Ukraine: Smirnov & Proposed Pridnestrovien Annexation Referendum
Deputy Director, American Institute in Ukraine
Igor Smirnov, longtime president of the unrecognized Pridnestrovian Moldavian Republic, raised some eyebrows, and not only in Ukraine, when he recently suggested that Pridnestrovie might hold a referendum on uniting with Ukraine as an autonomous region. Mr. Smirnov’s proposition was floated in early November with Ukrayina Moloda (Україна молода) in advance of Pridnestrovie’s December 11 presidential vote, where he is being challenged by Anatoly Kaminsky, head of the opposition Obnovleniye (“Renewal”) party; and by former parliamentary speaker Yevgeny Shevchuk.
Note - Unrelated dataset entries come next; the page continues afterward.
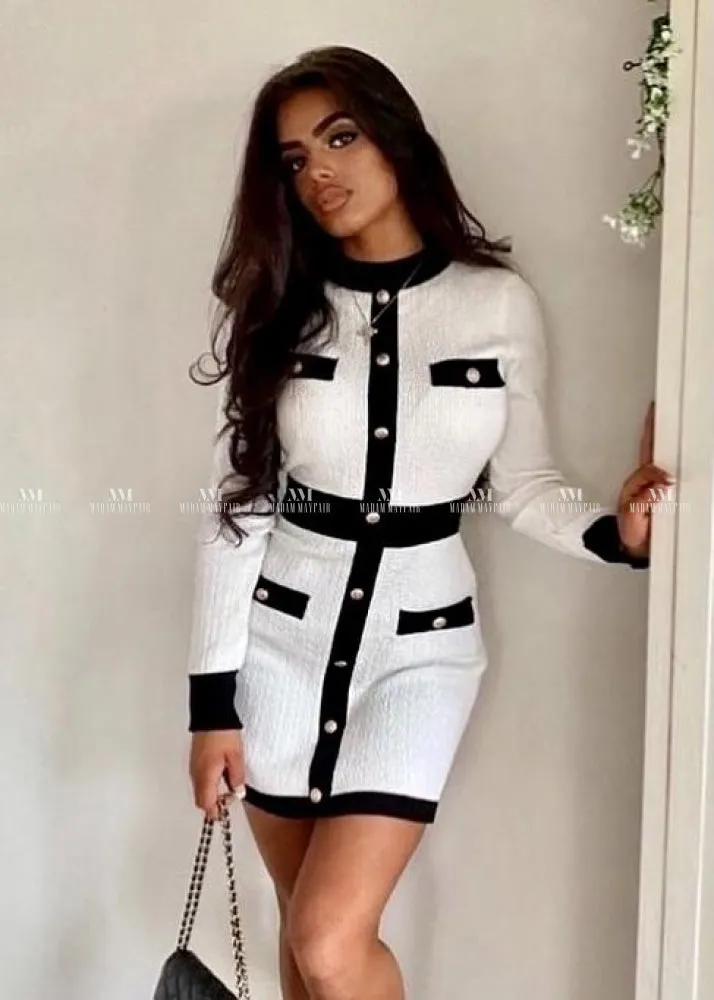 Nigella Monochrome Long Sleeve Bodycon Dress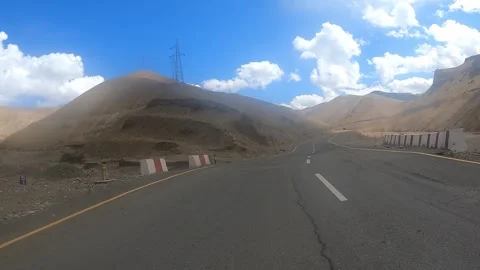 Drive Through Himalayan Mountains from Kargil to Leh Stock Footage 328770102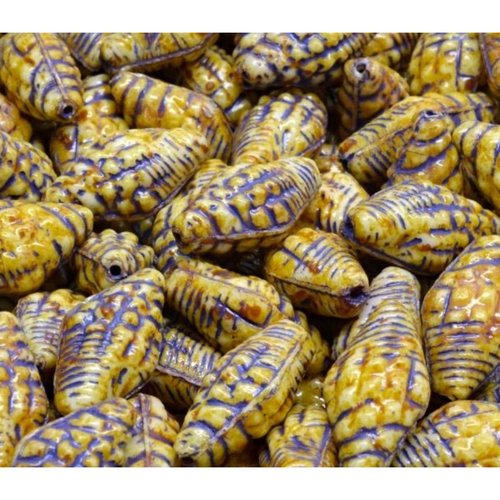 10pcs picasso brown jaune violet miter shell boules de verre tchèque 16mm x 08mm sku-942142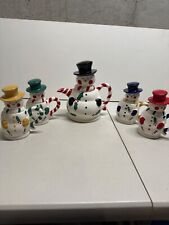 Temp-tations Snowman Christmas Winter Tea Set 5 Piece w/Teapot & 4 Mugs picture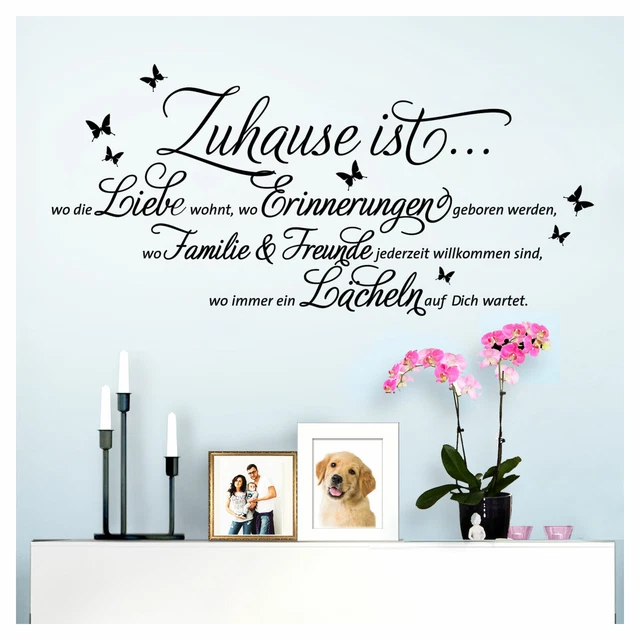 Wandtattoo Spruch Wandaufkleber Zuhause ist wo die Liebe wohnt Wandsticker W3482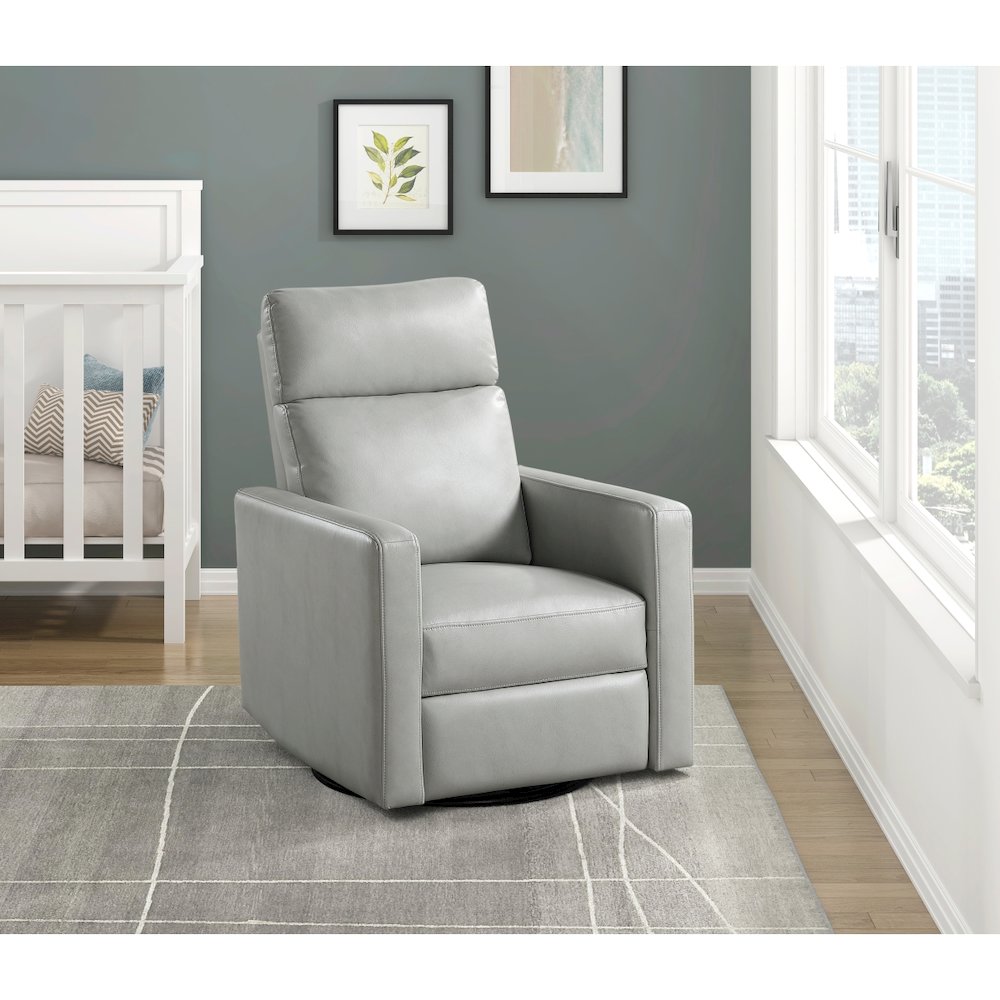 Lexicon Olathe Faux Leather Swivel Glider Reclining  Chair in Smoke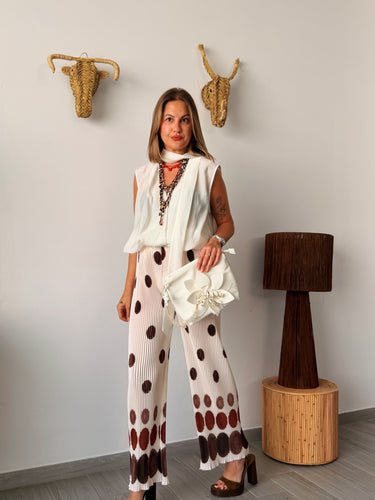 Blusa cruzada blanca organza lazada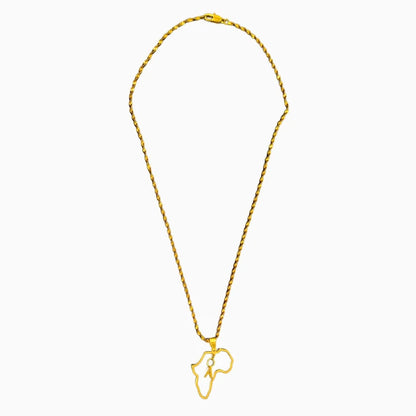 Gold Plated Necklace, Minimalist Africa Map Pendant Men Women Chain Necklace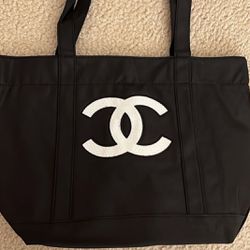 Chanel Precision Black Sequin Logo Shopping Tote Bag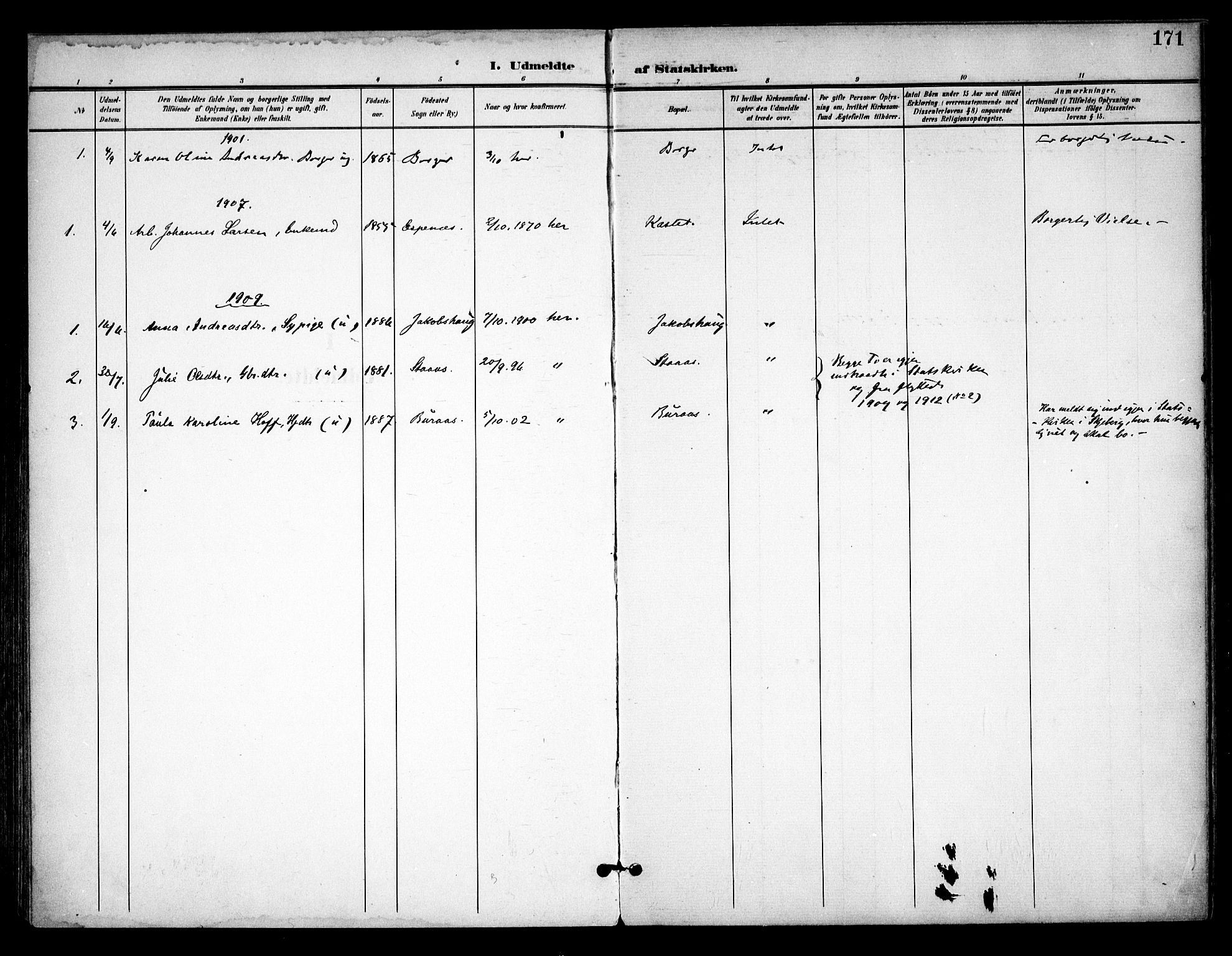Skiptvet prestekontor Kirkebøker, SAO/A-20009/F/Fa/L0011: Parish register (official) no. 11, 1901-1913, p. 171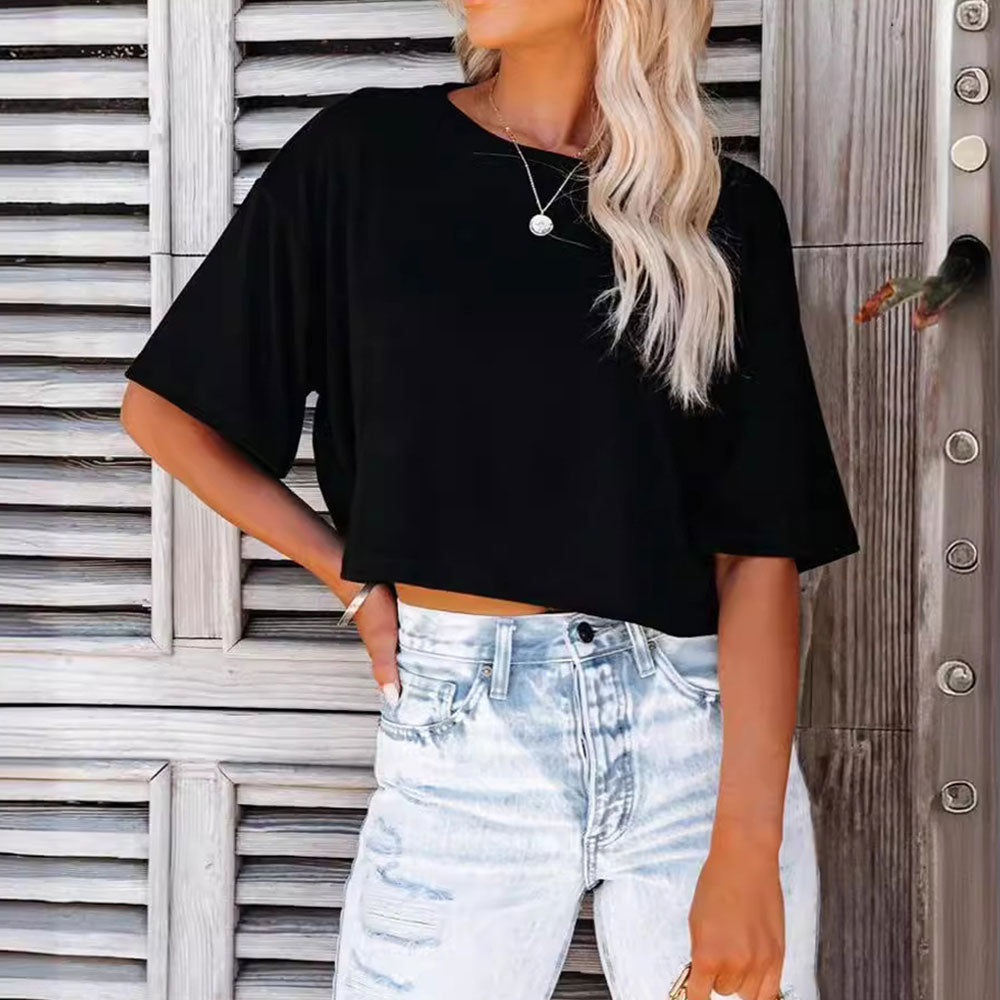 Variant image for Kvinnors Kort T-shirt Enfärgad Polyester Rund Halsringning-6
Mr. Smirnov, a longtime client of Moscow, is now in disfavor because his former patrons evidently have gotten sick and tired of seeing their aid being siphoned off, in turn jeopardizing Pridestrovie’s prospects. Instead, the Russians clearly now support Mr. Kaminsky and Obnovleniye, which has a party-to-party alliance with Russia’s ruling United Russia party. Kremlin Chief of Staff Sergei Naryshkin has openly accused Mr. Smirnov of corruption and “unwillingness to yield the way to new political forces” (i.e., Mr. Kaminsky and Obnovleniye). Further piling on, Russian law enforcement agencies have launched a criminal investigation against Mr. Smirnov’s son and his daughter-in-law for embezzling Russian financial aide to Pridnestrovie. On cue, the Russian media has opened a slash-and-burn anti-Smirnov campaign.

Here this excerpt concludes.